Overview
Kimchi Coding is an autonomous AI coding agent. You describe a task in plain English — "add error handling to the API routes", "refactor this module to async/await", "write tests for the auth service" — and the agent executes it: reading files, writing code, running commands, and checking its own output.
This is different from AI code completion (Copilot-style inline suggestions). Kimchi Coding handles multi-step tasks with minimal hand-holding — you hand over a job and the agent does it.
How it works
A coding harness is the runtime that turns an LLM into an autonomous agent. Kimchi Coding's harness manages the full loop: it reads your codebase, plans the work, writes code, runs commands, and verifies the results — all in a terminal session.
%%{init: {'theme': 'dark'}}%%
flowchart LR
A["You describe a task"] --> B["Kimchi Coding harness"]

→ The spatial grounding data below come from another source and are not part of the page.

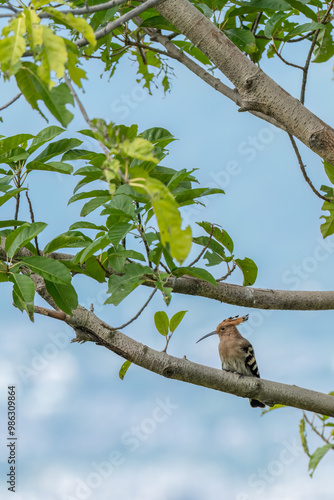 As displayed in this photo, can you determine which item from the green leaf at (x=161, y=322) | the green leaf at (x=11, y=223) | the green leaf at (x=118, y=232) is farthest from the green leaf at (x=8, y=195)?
the green leaf at (x=161, y=322)

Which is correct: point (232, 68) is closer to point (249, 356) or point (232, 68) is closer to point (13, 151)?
point (13, 151)

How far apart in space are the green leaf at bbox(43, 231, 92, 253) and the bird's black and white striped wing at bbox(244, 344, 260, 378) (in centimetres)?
211

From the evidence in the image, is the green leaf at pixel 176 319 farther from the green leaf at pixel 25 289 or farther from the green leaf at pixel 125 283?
the green leaf at pixel 25 289

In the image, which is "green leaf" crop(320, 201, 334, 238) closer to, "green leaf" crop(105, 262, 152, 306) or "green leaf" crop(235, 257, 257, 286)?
"green leaf" crop(235, 257, 257, 286)

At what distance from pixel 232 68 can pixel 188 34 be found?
0.30 m

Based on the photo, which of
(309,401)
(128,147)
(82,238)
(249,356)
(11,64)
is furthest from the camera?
(249,356)

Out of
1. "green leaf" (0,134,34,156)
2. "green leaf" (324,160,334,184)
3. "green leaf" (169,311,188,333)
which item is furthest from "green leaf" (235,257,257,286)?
"green leaf" (0,134,34,156)

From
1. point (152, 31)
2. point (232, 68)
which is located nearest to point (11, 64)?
point (232, 68)

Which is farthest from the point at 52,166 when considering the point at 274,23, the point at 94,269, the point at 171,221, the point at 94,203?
the point at 171,221

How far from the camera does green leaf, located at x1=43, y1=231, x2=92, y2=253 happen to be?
322 centimetres

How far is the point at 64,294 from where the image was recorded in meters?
3.17

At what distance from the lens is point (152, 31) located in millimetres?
3889

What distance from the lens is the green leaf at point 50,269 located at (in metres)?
2.92

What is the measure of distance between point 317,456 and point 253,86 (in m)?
2.08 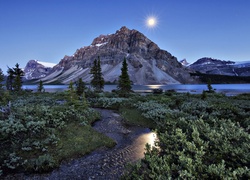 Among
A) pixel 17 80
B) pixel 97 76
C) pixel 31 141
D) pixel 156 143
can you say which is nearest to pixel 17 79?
pixel 17 80

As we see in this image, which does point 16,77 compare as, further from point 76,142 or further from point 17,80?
point 76,142

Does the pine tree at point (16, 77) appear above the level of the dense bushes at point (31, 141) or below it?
above

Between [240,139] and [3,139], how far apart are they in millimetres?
13221

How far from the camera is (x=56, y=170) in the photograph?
8617 millimetres

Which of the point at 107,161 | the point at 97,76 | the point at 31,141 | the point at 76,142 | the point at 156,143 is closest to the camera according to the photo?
the point at 156,143

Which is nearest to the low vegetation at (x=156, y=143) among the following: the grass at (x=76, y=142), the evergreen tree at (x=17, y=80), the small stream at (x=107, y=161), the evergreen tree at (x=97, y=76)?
the grass at (x=76, y=142)

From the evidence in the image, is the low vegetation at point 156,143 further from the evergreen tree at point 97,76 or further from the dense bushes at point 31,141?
the evergreen tree at point 97,76

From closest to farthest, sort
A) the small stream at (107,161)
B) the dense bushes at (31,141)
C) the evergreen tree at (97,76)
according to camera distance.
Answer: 1. the small stream at (107,161)
2. the dense bushes at (31,141)
3. the evergreen tree at (97,76)

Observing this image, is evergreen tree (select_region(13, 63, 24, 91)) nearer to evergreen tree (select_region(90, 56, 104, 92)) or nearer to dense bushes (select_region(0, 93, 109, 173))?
evergreen tree (select_region(90, 56, 104, 92))

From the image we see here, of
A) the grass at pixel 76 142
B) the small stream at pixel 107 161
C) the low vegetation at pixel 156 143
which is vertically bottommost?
the small stream at pixel 107 161

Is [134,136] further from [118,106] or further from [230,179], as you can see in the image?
[118,106]

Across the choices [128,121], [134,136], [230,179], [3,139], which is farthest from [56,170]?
[128,121]

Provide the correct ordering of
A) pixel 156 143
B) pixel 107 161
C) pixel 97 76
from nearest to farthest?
pixel 156 143
pixel 107 161
pixel 97 76

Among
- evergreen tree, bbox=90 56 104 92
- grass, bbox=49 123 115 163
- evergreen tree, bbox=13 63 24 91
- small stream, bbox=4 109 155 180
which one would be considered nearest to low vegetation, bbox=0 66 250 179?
grass, bbox=49 123 115 163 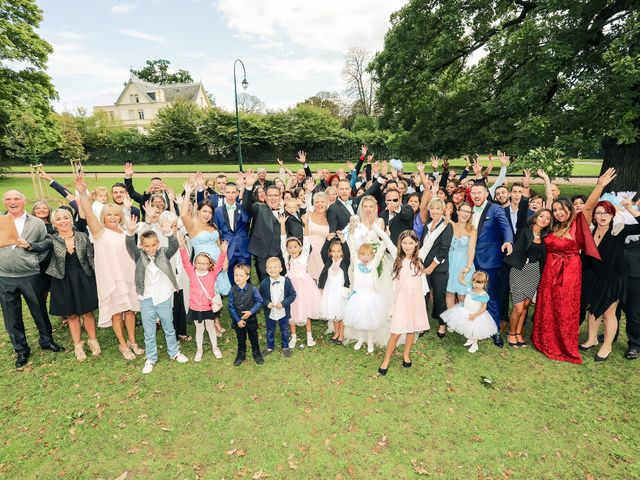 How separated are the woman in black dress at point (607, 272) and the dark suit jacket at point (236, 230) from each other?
20.5ft

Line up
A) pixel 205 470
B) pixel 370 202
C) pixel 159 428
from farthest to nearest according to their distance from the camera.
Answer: pixel 370 202, pixel 159 428, pixel 205 470

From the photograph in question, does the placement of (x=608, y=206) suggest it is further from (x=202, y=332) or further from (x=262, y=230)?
(x=202, y=332)

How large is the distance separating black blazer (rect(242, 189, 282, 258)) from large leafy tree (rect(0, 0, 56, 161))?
100 ft

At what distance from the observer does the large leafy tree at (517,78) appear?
10633 mm

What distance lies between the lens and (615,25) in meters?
11.7

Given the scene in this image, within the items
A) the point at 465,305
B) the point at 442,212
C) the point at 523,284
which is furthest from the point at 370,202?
the point at 523,284

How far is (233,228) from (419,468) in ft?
17.0

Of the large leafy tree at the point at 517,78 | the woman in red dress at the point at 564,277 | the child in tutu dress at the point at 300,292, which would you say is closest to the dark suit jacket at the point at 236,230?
the child in tutu dress at the point at 300,292

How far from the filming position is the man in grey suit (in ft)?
17.6

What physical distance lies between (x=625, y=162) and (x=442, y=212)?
36.8 ft

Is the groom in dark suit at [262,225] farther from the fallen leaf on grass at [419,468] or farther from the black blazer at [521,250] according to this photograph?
the black blazer at [521,250]

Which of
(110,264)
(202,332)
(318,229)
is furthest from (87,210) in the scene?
(318,229)

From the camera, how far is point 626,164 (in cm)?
1241

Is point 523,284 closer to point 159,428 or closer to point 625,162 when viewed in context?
point 159,428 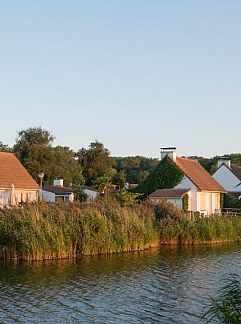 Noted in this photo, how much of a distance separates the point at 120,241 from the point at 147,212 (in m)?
4.42

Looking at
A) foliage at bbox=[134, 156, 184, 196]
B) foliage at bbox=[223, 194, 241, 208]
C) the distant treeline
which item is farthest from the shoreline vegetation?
the distant treeline

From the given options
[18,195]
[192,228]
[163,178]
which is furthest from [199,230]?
[18,195]

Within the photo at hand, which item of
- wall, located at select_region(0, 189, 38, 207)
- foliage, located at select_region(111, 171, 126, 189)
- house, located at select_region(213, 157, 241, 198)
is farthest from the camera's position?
foliage, located at select_region(111, 171, 126, 189)

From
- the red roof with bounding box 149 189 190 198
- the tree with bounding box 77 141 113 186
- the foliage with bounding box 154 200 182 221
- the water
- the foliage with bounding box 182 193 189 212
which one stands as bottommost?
the water

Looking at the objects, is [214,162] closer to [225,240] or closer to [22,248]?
[225,240]

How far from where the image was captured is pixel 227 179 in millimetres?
63781

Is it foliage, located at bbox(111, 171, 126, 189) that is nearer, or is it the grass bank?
the grass bank

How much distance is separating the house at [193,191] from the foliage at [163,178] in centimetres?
36

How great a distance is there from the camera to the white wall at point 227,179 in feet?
207

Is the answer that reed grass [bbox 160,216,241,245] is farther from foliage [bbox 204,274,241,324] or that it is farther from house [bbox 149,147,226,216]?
foliage [bbox 204,274,241,324]

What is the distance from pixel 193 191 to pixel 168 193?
2.84 metres

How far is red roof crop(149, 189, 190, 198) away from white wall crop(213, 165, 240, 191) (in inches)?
619

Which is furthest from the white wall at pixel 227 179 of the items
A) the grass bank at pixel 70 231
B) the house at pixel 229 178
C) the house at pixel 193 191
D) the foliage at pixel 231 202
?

B --> C["Reads, writes, runs, verifies"]
C --> D["Completed work"]
style B fill:#2d2d2d,stroke:#888,color:#e0e0e0
Under the hood, the harness runs an orchestrator that classifies your task, breaks it into phases, and assigns each subtask to the right model. A planning step gets a reasoning-capable model; a bulk code-generation step gets a fast, high-throughput executor. You don't pick the model — the harness does.
Why Kimchi Coding?
| Claude Code / Cursor | Other API providers | Kimchi Coding | |
|---|---|---|---|
| Rate limits | Yes — sessions cut off mid-task | Varies | No rate limits |
| Cost | $100–200/month subscriptions | Pay-per-token, no routing intelligence | Pay-per-token, smart routing cuts costs |
| Model lock-in | Anthropic-only | Single model per request | Automatically picks the right model per task |
| Data residency | Anthropic's / provider's infra | Provider's infra | Your cluster (self-hosted) or Kimchi's GPUs |
| Claude models | Direct from Anthropic | Not available | Via Kimchi proxy — same models, no lock-in |
Key capabilities
Multi-model orchestration
By default, kimchi runs in multi-model mode. The orchestrator classifies each task and delegates subtasks to specialised models across five roles:
| Role | Responsibility |
|---|---|
| Orchestrator | Runs the main loop, classifies tasks, delegates work |
| Planner | Designs the approach, writes specs |
| Builder | Code implementation — picks heavier models for complex tasks |
| Reviewer | Code review — picks the strongest model by tier |
| Explorer | Codebase exploration and research — light models for scans, heavy for analysis |
You describe the task. The orchestrator picks the right model for each subtask based on complexity and model capabilities. Configure role assignments with the /multi-model command or in ~/.config/kimchi/harness/settings.json.
Phase tracking
Every LLM request is tagged with a work phase for analytics and cost attribution:
| Phase | Description |
|---|---|
| explore | Reading files, tracing imports, understanding code structure |
| plan | Designing, breaking down tasks, writing specs |
| build | Writing, modifying, or refactoring code |
| review | Verifying correctness, analysing output |
| research | External sources: web docs, library APIs, version changelogs |
Phases appear in the footer (e.g. ↳ build) and are included in every request tag for cost reporting.
Ferment — autonomous project mode
For multi-step projects that span sessions, Ferment provides structured planning, execution tracking, and persistent context. Describe a goal — "Build Tetris", "Add Google OAuth login" — and the harness breaks it into phases, executes each one using specialised subagent workers, grades the results, and picks up exactly where it left off if a session ends.
Start a Ferment session at any time with the /ferment command. See the Ferment overview for the full mental model.
Session persistence
Sessions (including agent runs) are saved to disk and fully recoverable. Prompt history is loaded into up/down arrow navigation so you can reuse past prompts without retyping.
Kimchi Coding vs. Kimchi Inference
Kimchi offers two products:
- Kimchi Coding (this section) — an autonomous AI coding agent with multi-model orchestration, phase tracking, and cost attribution. You describe a task and the agent handles it.
- Kimchi Inference — a serverless API for sending LLM requests from any OpenAI-compatible client. You control the model, prompt, and integration.
Kimchi Coding uses Kimchi Inference under the hood for model access.